When I received some negative feedback from an assignment I worked on I felt like I had a dog shaming sign tied around my neck with a piece of grocery string. It took me some time to come to terms with the fact that sometimes feedback just isn't fair, it can be very subjectively based on a whole lot of things we don't have control over that the feedback giver is dealing with. When there is no dialogue, no explanation, no followup it's a recipe for disengagement and broken trust.
What I learned from this experience is to stop straining against the imaginary sign tied around my neck and build some positive steps moving foward, and to ensure that when I am a giver of feedback, I keep it real. And of course, to anticipate the outcome if I do eat all the crayons.
- Be specific about your feedback. Remembering that feedback is a very personal form of criticism, constructive or otherwise.
- Don't make the feedback be about the person, it is about the behavior. Focus on the behavior. Explain what you are talking about. Vagueness is good for misty photos, not feedback sessions.
- Don't use the feedback sandwich. Telling the receiver the good, the bad and then finishing off with the good. This is a strategy to make the giver feel good, but leaves the receiver with bad taste from the sandwich like a piece of expired luncheon meat. (Also known as the sh*t sandwich.)
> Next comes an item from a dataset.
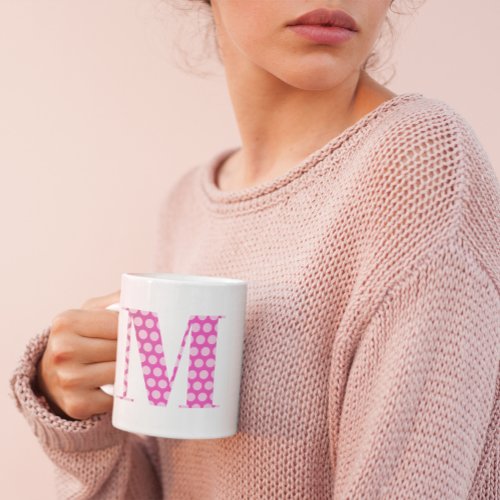 Pink Polka Dotted Monogram Giant Coffee Mug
- Feedback does not need to be positive, but truthful. Trust is the most essential part of the feedback giver and reciever dance.
- Leave the shaming to paper signs that dogs can't read anyway, and use feedback as an opportunity for growth and development as it's meant to be. Then follow up to ensure positive steps are taken and don't resort to signs scrawled and tied around the necks of resources too valuable for the organization to lose.